Guest Author: Megan Collier, recent NAP graduate
On our day off from diving, some of the team members went to visit one of the most famous pilgrimage spots in Sri Lanka, the temple complex at Kataragama. In July and August, this little town is filled with thousands of people making their way to the religious site, most of whom come on foot. Hindu devotees travel from as far away as Jaffna, a city at the northern tip of the island, for this very important festival which can feature elephant parades, meditation, and fire walking.
It was considerably more quiet when we were there, though no less impressive. The sacred precinct has Hindu temples and a Buddhist stupa as well as a mosque. The large amount of religious diversity in one shared space is one of the more striking features of this site. As we walked around the stupa watching the orange clad monks leading meditations we could see the brightly painted Hindu temple situated next to it with the minarets of the mosque rising in the background.
Making our way down the broad main boulevard, we saw monkeys and cows as well as roosters roaming free. In the Hindu precinct we watched a procession with drummers and dancers wind their way to the different shrines to pray to each deity. Two of the team members were even convinced to join in the dancing! In the mosque courtyard an old man showed us the sacred spots of the area which included three palm trees that grew from one seed and a tree that leaked sap that smelled like vanilla.

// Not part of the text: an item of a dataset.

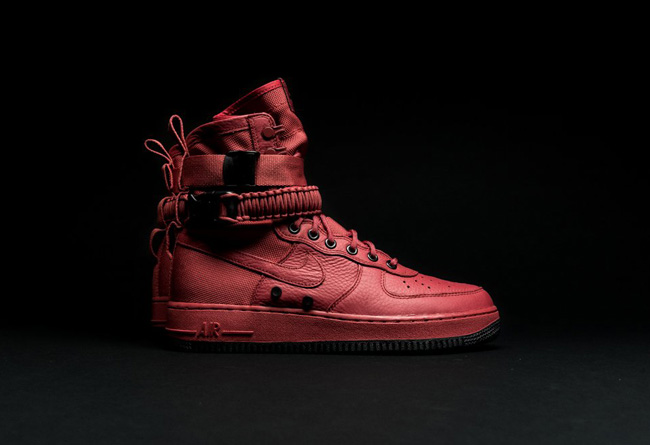 Nike,SF-AF1,857872-600  低调中尽显个性！暗红色 SF-AF1 横空出世！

From there we crossed the Menik Ganga, the sacred river that flows through the complex, where people were performing ablutions before they went to worship. On the other side of the river a considerably scaled back market offered fruits and meditation beads for sale. It was very apparent from the number of closed shops just how busy this area is during the festival. The Kataragama temple complex is an excellent example of how the different religions in the area have been melded together in a way that is distinctly Sri Lankan.